"Bu ayu kayanya lagi red day deh, soalnya keliatan murung begitu. Biasanya kan ramah dan banyak bercandanya supaya kita bimbingan tuh enjoy. Tapi kayanya hari ini beda" sembari merapihkan sepatu kets putih yang ia kenakan. Abil tak henti mengoceh pada Deva yang juga turut menurunkan tubuhnya guna memakai sepatu. "Bimbingan kali Ini gak asik ah"
Abil mengumpat di depan ruangan dosen yang sedang dibicarakan. Ditanggapi pula oleh raut wajah Deva yang selalu ekspresif.
Bunyi ponsel milik Abil mengalihkan atensi keduanya dari sepatu. Segera Abil lihat nama siapa yang tertera pada layar ponselnya.
"Bu Irma" ucapnya pada Deva yang tentu penasaran.
"Assalamualaikum Bu.."
"....."
"Iya ibu"
"....."
"Baik Bu, nanti Abil antar ke rumah ibu"
"....."
"Oh, engga Bu. Abil gak repot kok"
"....."
"Baik Bu, sama-sama."
"....."
"Waalaikumussalam."
"Kenapa bil?"
Abil kembali menaruh benda pipih itu pada saku celana panjang yang ia kenakan.
"Bu Irma minta titip salad di kantin"
"Terus?"
"Ya nanti aku antar ke ruangannya" terangnya lagi.
Tak heran, sebab beberapa kali Bu Irma selalu meminta bantuan Abil untuk mengambil makanannya di kantin. Bu Irma juga salah satu dosen pada prodi yang mereka ambil, itu sebabnya Abil tidak pernah keberatan jika dimintai tolong olehnya.

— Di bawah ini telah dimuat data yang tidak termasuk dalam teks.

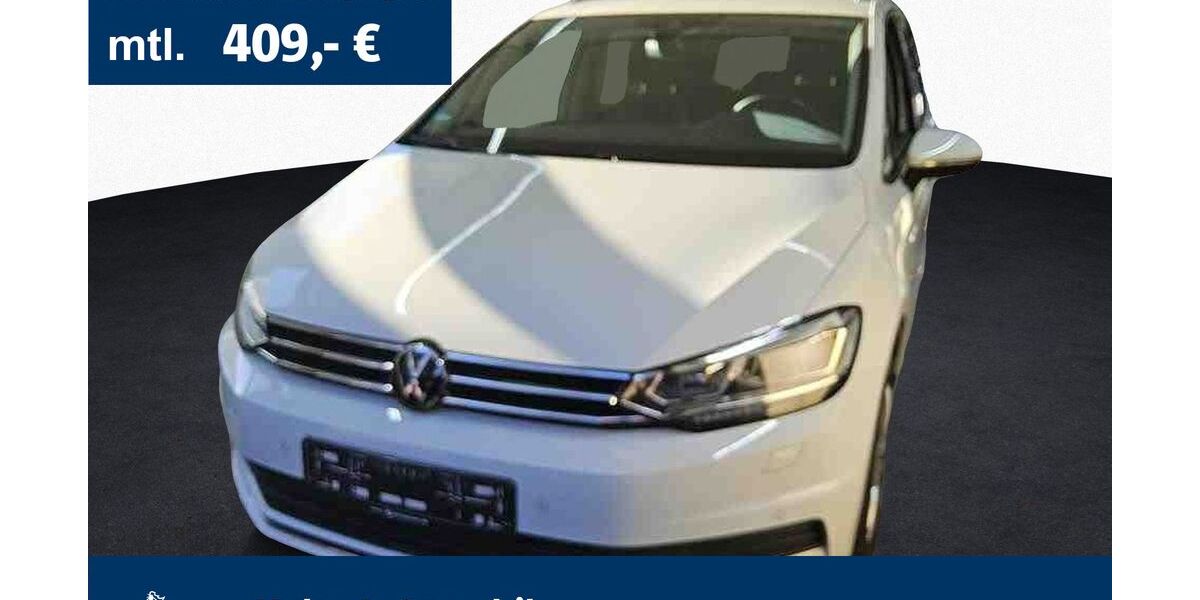 VW Touran 37.567 km 29.930 &euro; Ludwigsburg 71634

"Mau aku antar?" Tawar Deva dibalas gelengan dengan segera.
"Ga usah Dev, tunggu aku di parkiran ajah. Paling cuman sebentar kok ke ruangan Bu Irma."
Deva mengacungkan ibu jarinya, percaya. Biasanya memang tak menghabiskan waktu lebih dari 10 menit jika sekedar mengantarkan makanan.
Permintaan bantuan Bu Irma menjadi kegiatan menyenangkan di akhir semester ini. Karena kedatangannya ke kampus hanya sekedar menemui dosen pembimbing, Abil jadi bosan sendiri. Untungnya, Bu Irma beberapa hari ini selalu menghubungi Abil, untuk sekedar mengambil pesanan di kantin.
Sejauh ini, Abil tak punya pikiran negatif terhadap dosennya.
Selain karena Bu Irma memang baik orangnya, dan Abil juga cukup senang direpotkan oleh dosen.Selama satu tahun terakhir, Bu Irmalah yang membantunya di beberapa mata kuliah yang sempat tertinggal. Sebab duka yang Abil alami sempat menghambat kegiatan perkuliahan.
Bu Irma yang cukup mengenal almarhum Fero, juga sering menanyakan perihal perasaan Abil pada lelaki itu. Dan Abil selalu dengan tenang mengatakan bahwa ia sudah sepenuhnya rela, meski sebagian perasaannya masih kecewa.
Kecewa pada takdir yang sempat menghambat kebahagiannya. Tapi jujur, sekarang ia sudah mulai lapang.
"Cari siapa mba?"
Sontak Abil mengangkat kepala yang sejak tadi menunduk, hingga tak sadar ia sudah sampai di depan pintu ruang dosen.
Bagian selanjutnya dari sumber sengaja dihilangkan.